# Lost in the upgrade: Best temporary finish for Swamp Ash body



## greco (Jul 15, 2007)

My thread from last night was lost in the upgrade.

I am looking for a temporary finish for a swamp ash guitar body that can be easily removed AND/OR permit a refinish (over this suggested finish) by ANY other type of finish by the next owner without concern that the chosen new finish will not "adhere" or be rendered impossible in any way.

These are the suggestions that I can remeber: 
1) leave it in the "raw" state
2) Tung Oil
3) "Blonde" shellac
4) Zinsser Bulls Eye Shellac (contains no wax) ...I printed the info on this product, my memory is not that detailed...LOL

Thanks for everyone's help so far.

Cheers

Dave


----------



## shoretyus (Jan 6, 2007)

Larry mention sanding sealer in the original post.....it would fit the bill

- - - Updated - - -

Larry mention sanding sealer in the original post.....it would fit the bill


----------



## Steadfastly (Nov 14, 2008)

Yes, you don't want to leave it raw. At least put a sealer on it.


----------



## Taylor (Oct 31, 2014)

I can stand behind Zinsser BullsEye SealCoat; it's a sanding sealer, and it's phenomenal at locking moisture in/out and keeping wood stable. It'll take just about any finish you can throw at it-- or at least all the finishes that I've tried.


----------



## greco (Jul 15, 2007)

Thanks for reminding me about the sanding sealer suggestion. 

Cheers

Dave


----------



## ed2000 (Feb 16, 2007)

Nothing exotic
DupliColor touch up spray paint - Available in many colours including clear, $12 a can, covers well, easily removed with lacquer thinner and/or 220 to 400 grit sandpaper.

- - - Updated - - -


Nothing exotic
DupliColor touch up spray paint - Available in many colours including clear, $12 a can, covers well, easily removed with lacquer thinner and/or 220 to 400 grit sandpaper.


----------



## LydianGuitars (Apr 18, 2013)

I'll state this again, having worked with wood and finishes for the last 20 years, the last thing you want is an incompatibility between finishes.
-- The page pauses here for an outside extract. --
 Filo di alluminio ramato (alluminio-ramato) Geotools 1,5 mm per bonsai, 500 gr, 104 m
I've done a lot of experiments and many mistakes. 
The only thing that will work for your application is a de-waxed shellac like the zinsser product. You can also mix your own with flakes from Lee Valley.

The only product that didn't like shellac is EM6000 water based lacquer, but that product was very finnicky from the start. It didn't like anything that wasn't produced by Target Finishes.


----------



## dradlin (Feb 27, 2010)

LydianGuitars said:


> The only product that didn't like shellac is EM6000 water based lacquer, but that product was very finnicky from the start. It didn't like anything that wasn't produced by Target Finishes.
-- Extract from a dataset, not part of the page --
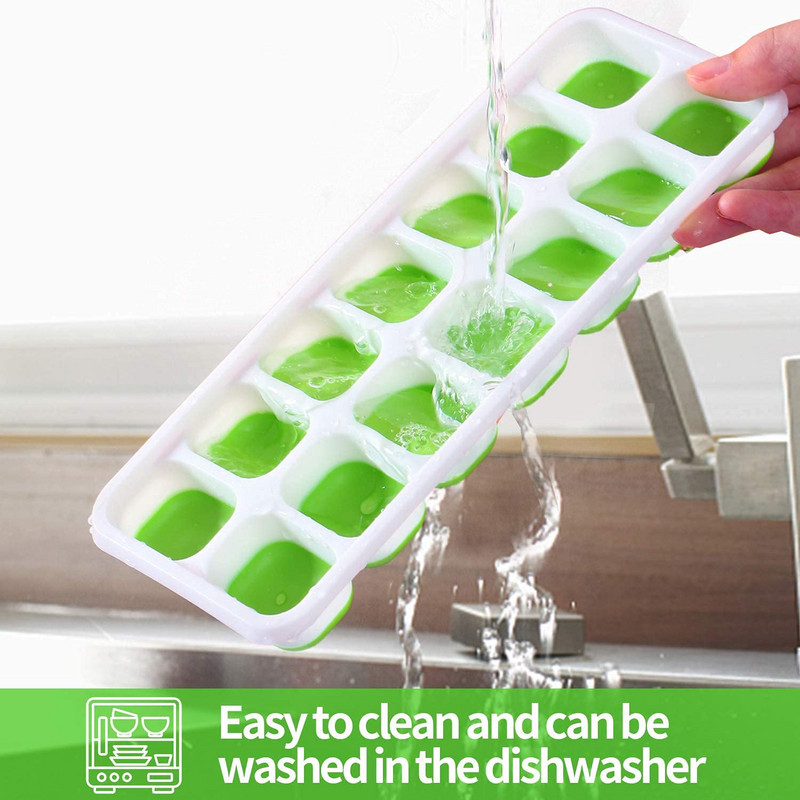 Forme reutilizabile pentru cuburi de gheata din silicon Tavi pentru cuburi de gheata pentru bauturi whisky si cocktail-uri cu capac detasabil flexibil si inodor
I'd be interested to hear more about that... I was just about to shoot EM6000 over shellac.


----------



## LydianGuitars (Apr 18, 2013)

dradlin said:


> I'd be interested to hear more about that... I was just about to shoot EM6000 over shellac.


The EM6000 can have adhesion and crazing problems over shellac (I had to redo two projects because of this). The recommended base coat is EM1000. 
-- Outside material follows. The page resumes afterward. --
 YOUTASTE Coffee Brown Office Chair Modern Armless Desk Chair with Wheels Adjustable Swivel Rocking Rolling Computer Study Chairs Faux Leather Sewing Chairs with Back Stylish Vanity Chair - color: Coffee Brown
Also, the EM6000 is not really a full burn in product, it has a blueish hue to it (forget about it over darker finishes - I had to redo several projects because of this) and doesn't age well for a guitar top (scratches and dings look worse than they would with poly or conventional lacquer).

Its also very, very, very finnicky about the application method. Pressure, tip size, temperature, humidity. I stopped using it and I'm glad I did.


----------



## Swervin55 (Oct 30, 2009)

I wouldn't think that Tru Oil would be conducive to accepting most finishes.


----------



## Scotty (Jan 30, 2013)

Dave, can I ask why it is only a "temporary" finish? Is it a matter of wanting to restore it to its original colour at a later date? for value or change of mind?


----------



## greco (Jul 15, 2007)

Scotty said:


> Dave, can I ask why it is only a "temporary" finish? Is it a matter of wanting to restore it to its original colour at a later date? for value or change of mind?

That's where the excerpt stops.